TASK STATEMENT: Search the records below for "Summer" and copy every line it turns up in.

#### DATA SHOWN ####

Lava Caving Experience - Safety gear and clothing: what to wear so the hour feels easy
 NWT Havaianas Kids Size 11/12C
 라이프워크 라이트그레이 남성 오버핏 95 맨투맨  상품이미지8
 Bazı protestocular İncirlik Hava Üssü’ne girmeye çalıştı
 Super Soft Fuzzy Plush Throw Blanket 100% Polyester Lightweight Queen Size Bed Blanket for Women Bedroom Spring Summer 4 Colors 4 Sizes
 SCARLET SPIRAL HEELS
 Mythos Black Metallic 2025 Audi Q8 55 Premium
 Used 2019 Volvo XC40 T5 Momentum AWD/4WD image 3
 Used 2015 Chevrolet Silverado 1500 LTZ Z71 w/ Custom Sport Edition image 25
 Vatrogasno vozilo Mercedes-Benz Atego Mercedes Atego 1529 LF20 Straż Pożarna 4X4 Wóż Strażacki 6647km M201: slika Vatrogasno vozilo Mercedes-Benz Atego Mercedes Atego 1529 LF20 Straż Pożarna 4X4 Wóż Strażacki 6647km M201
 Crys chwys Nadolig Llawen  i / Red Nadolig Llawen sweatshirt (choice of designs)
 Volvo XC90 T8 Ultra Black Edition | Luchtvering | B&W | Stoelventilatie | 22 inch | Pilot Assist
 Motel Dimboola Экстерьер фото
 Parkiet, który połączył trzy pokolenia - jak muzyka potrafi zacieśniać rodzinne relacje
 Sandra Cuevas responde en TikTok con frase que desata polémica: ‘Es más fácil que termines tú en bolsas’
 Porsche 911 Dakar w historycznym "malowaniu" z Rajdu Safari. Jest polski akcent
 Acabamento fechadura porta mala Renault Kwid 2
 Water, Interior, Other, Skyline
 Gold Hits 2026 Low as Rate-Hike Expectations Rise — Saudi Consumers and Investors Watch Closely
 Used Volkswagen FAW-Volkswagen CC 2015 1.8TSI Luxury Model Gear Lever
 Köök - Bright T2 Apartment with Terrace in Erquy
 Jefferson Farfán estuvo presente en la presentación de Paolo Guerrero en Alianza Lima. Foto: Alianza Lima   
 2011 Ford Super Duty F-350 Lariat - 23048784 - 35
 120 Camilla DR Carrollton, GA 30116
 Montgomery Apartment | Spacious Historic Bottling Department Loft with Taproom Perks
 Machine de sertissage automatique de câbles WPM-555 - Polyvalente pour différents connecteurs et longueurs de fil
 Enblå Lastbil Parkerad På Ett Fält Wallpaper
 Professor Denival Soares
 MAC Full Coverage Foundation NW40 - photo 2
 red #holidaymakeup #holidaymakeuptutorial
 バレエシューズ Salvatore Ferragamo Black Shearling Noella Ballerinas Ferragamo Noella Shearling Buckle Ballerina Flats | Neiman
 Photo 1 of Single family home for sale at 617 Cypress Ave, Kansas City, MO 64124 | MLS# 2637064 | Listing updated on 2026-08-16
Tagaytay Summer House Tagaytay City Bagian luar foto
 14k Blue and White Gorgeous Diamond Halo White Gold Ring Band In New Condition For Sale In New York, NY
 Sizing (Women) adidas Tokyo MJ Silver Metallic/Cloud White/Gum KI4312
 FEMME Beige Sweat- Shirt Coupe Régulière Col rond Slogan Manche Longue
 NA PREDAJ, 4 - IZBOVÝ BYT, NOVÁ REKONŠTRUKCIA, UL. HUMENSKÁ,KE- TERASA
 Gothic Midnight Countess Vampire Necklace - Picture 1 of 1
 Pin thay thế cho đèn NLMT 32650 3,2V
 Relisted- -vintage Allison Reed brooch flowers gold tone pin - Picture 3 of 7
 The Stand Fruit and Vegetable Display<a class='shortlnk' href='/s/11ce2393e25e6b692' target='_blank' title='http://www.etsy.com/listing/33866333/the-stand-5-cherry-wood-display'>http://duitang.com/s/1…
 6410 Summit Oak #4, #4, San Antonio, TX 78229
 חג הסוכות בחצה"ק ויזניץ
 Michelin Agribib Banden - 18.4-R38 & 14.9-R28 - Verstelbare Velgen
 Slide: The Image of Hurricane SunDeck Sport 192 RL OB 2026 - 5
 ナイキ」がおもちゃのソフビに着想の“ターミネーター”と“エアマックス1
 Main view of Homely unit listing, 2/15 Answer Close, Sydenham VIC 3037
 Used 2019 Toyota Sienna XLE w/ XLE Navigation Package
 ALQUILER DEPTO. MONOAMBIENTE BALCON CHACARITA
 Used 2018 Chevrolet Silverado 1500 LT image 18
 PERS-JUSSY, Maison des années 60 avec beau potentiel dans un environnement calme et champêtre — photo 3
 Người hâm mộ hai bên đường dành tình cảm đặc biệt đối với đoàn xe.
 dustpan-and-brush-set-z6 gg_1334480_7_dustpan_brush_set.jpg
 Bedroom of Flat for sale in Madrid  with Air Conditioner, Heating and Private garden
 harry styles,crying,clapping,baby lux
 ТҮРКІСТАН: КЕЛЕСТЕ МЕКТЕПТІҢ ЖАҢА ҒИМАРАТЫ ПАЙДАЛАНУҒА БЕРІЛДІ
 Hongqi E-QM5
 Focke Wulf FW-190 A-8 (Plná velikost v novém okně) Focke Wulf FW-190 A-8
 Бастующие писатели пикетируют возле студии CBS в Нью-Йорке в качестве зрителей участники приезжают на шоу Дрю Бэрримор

####

ANSWER SPACE:
 Super Soft Fuzzy Plush Throw Blanket 100% Polyester Lightweight Queen Size Bed Blanket for Women Bedroom Spring Summer 4 Colors 4 Sizes
Tagaytay Summer House Tagaytay City Bagian luar foto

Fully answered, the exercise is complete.